After decades of exporting oil, Saudi Arabia is looking to increase its capacity to produce chemicals. Emma Davies reports

Saudi Basic Industries Corporation (Sabic) was created by royal decree in 1976, to make chemicals from the byproducts of oil extraction. In the years that followed, a sleepy Saudi fishing village called Al Jubail was transformed into an industrial city and the company’s first joint venture plant began production there in 1983.

Fast forward and the fishing village on the Arabian Gulf coast is a distant memory. Shimmering lights mark out the many chimneys and superstructures on the skyline. Residents are housed on an island linked to the mainland while a ‘picnic zone’, with much needed greenery, sits to the west of the industrial complex. A double pipeline transports oil and gas to Jubail’s twin city, Yanbu, which sits on the other side of the Arabian Peninsula on the Red Sea coast. Sabic is still the city’s main investor, with countless joint ventures.
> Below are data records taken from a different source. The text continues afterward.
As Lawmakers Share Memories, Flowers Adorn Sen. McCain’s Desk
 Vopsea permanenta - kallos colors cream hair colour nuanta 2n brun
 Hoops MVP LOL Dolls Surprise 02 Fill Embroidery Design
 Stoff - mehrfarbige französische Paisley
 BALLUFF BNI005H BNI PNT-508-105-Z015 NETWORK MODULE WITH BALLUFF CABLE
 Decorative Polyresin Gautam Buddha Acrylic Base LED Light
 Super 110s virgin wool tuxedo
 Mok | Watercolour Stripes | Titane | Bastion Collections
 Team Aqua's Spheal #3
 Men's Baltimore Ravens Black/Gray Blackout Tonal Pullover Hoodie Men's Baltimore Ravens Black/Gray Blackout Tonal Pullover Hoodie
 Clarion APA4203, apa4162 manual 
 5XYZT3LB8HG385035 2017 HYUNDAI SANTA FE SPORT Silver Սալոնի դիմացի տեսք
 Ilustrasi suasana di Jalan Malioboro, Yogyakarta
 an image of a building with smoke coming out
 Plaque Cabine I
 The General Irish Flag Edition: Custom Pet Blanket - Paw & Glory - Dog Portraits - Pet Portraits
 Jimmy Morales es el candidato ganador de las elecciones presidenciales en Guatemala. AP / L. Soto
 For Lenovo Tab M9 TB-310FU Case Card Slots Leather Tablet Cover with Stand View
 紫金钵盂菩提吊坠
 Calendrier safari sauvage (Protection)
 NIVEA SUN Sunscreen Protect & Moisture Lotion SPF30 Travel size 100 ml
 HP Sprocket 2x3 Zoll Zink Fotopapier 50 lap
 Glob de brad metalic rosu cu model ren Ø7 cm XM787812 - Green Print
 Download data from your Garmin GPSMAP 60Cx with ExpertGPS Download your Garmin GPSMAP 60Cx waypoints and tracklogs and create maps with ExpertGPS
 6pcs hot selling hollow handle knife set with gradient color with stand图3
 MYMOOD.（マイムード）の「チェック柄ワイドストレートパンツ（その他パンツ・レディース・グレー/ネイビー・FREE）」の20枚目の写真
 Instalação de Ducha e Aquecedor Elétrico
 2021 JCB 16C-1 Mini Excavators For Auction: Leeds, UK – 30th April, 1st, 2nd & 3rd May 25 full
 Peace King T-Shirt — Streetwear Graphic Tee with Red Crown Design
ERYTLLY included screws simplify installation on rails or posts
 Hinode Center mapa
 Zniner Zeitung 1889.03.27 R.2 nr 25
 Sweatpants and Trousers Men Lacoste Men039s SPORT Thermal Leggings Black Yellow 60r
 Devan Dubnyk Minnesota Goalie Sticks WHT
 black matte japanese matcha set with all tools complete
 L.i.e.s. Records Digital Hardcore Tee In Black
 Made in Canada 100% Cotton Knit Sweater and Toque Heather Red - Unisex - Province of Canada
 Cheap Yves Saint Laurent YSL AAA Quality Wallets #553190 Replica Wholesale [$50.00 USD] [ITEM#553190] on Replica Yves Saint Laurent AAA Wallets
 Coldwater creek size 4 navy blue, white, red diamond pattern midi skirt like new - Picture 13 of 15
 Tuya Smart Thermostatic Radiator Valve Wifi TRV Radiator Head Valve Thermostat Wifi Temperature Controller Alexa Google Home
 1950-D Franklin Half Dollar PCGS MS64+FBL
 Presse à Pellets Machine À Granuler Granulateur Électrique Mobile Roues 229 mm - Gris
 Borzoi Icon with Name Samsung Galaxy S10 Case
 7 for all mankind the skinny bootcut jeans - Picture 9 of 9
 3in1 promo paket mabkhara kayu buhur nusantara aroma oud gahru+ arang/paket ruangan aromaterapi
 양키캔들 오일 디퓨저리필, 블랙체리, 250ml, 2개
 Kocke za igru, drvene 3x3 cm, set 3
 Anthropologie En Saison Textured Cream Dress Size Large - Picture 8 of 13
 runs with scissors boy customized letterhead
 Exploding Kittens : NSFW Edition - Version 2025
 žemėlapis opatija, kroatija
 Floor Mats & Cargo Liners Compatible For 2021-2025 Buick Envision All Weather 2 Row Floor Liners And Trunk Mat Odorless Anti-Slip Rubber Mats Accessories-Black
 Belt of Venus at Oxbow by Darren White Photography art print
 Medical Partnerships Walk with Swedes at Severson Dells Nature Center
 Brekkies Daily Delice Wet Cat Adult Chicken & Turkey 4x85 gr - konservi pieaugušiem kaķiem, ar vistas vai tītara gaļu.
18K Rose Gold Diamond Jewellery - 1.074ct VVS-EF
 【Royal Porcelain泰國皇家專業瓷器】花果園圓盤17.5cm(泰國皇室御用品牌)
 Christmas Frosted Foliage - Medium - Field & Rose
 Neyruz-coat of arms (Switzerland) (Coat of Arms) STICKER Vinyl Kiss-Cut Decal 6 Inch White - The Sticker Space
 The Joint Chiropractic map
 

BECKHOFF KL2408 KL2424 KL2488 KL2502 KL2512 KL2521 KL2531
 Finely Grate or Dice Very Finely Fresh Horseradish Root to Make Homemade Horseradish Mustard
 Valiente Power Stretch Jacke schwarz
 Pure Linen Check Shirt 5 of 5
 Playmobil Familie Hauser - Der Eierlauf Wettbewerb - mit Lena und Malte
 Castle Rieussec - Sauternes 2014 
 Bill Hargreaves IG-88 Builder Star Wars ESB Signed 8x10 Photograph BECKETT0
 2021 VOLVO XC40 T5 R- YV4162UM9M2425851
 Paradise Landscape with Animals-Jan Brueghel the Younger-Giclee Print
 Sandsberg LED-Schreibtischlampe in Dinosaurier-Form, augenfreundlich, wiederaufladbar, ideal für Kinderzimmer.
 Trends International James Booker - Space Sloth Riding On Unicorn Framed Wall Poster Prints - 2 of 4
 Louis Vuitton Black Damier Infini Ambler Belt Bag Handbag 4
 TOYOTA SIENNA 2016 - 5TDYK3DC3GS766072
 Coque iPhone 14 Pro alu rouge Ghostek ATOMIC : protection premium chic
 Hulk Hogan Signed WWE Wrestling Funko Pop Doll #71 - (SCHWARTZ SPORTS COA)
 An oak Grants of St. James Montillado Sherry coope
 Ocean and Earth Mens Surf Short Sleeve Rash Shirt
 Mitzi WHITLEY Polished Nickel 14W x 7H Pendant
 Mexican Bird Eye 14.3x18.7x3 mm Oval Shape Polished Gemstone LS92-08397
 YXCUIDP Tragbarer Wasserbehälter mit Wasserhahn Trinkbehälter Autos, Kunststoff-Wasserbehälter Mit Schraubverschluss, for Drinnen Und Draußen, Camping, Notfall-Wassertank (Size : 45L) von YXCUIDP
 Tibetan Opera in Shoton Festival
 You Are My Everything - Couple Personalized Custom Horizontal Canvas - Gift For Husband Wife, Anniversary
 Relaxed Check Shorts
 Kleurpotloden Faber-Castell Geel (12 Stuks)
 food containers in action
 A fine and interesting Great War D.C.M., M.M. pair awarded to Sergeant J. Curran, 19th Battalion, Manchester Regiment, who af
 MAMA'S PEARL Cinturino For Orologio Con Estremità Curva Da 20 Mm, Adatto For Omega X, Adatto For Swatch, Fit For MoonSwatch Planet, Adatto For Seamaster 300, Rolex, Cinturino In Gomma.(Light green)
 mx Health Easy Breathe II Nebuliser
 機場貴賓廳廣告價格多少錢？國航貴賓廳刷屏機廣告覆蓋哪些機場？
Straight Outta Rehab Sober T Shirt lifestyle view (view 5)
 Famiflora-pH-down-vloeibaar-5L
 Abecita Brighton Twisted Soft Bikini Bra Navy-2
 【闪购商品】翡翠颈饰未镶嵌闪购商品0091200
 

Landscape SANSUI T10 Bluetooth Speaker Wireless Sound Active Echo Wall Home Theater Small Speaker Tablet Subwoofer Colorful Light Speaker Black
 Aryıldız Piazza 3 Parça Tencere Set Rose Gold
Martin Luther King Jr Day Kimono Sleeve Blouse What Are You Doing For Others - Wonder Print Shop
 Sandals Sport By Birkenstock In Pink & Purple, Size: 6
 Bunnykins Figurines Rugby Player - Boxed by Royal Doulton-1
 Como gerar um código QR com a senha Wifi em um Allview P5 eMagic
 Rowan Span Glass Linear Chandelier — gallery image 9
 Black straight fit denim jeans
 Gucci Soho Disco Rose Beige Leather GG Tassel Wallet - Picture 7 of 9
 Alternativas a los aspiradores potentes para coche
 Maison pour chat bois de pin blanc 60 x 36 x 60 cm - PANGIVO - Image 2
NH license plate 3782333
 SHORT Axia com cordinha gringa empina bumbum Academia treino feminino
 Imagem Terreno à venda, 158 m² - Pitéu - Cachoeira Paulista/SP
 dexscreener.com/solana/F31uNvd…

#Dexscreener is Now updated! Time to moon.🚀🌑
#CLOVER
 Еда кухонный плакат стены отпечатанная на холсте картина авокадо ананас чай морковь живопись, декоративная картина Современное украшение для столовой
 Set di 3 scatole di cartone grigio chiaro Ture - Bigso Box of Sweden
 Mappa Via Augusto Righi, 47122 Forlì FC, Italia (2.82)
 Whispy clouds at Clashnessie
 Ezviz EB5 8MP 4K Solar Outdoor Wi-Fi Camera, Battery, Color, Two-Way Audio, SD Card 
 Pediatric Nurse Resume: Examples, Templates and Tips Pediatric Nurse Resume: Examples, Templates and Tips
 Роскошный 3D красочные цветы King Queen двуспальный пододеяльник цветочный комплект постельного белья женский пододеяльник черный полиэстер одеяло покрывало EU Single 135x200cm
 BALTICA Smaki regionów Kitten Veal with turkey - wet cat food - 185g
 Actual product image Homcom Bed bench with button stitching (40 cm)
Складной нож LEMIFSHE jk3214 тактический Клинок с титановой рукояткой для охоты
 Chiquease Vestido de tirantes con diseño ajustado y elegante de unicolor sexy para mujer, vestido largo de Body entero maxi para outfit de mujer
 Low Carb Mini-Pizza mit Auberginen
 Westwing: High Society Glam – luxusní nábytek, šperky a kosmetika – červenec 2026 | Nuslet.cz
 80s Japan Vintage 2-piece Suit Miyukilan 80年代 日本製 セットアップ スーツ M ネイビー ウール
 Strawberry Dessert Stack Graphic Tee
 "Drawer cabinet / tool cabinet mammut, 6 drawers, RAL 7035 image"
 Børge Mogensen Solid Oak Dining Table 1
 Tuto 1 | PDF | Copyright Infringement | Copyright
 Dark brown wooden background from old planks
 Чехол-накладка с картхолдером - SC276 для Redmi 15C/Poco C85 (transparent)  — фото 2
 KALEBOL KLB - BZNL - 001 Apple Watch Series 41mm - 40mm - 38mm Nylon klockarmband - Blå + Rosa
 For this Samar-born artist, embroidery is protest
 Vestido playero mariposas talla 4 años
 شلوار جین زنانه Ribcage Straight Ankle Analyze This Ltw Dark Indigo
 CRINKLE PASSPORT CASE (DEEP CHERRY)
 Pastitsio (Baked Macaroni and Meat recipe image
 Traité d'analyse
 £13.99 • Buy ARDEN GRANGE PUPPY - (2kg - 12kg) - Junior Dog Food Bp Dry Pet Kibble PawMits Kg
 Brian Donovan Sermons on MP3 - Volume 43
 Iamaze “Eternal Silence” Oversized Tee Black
Now comes Jubail industrial city II, a project on an unimaginable scale. There, Sadara, a joint venture developed in 2011 by Dow Chemical and Saudi Aramco, is constructing ‘the largest chemical complex ever built in a single phase’. Scheduled to begin producing chemicals in 2015, the site will contain 26 ‘world-scale’ manufacturing plants, which are predicted to produce over 3 million tonnes of products per year. It will also have its own desalination plant, with some of the resulting fresh water to be used in the complex’s cooling towers.

Building the site is a major undertaking, requiring a million cubic metres of concrete and enough steel to build ‘two Golden Gate bridges’ to date, and cabling that would stretch from Jubail to London and back again, according to Sadara. Around 60,000 workers are currently on site, the company says, with construction activity reaching its peak. ‘It’s very ambitious and very promising in terms of the downstream industries that will be stimulated as a result,’ says Abdulwahab Al-Sadoun, secretary general of the Gulf Petrochemicals and Chemicals Association?(GPCA).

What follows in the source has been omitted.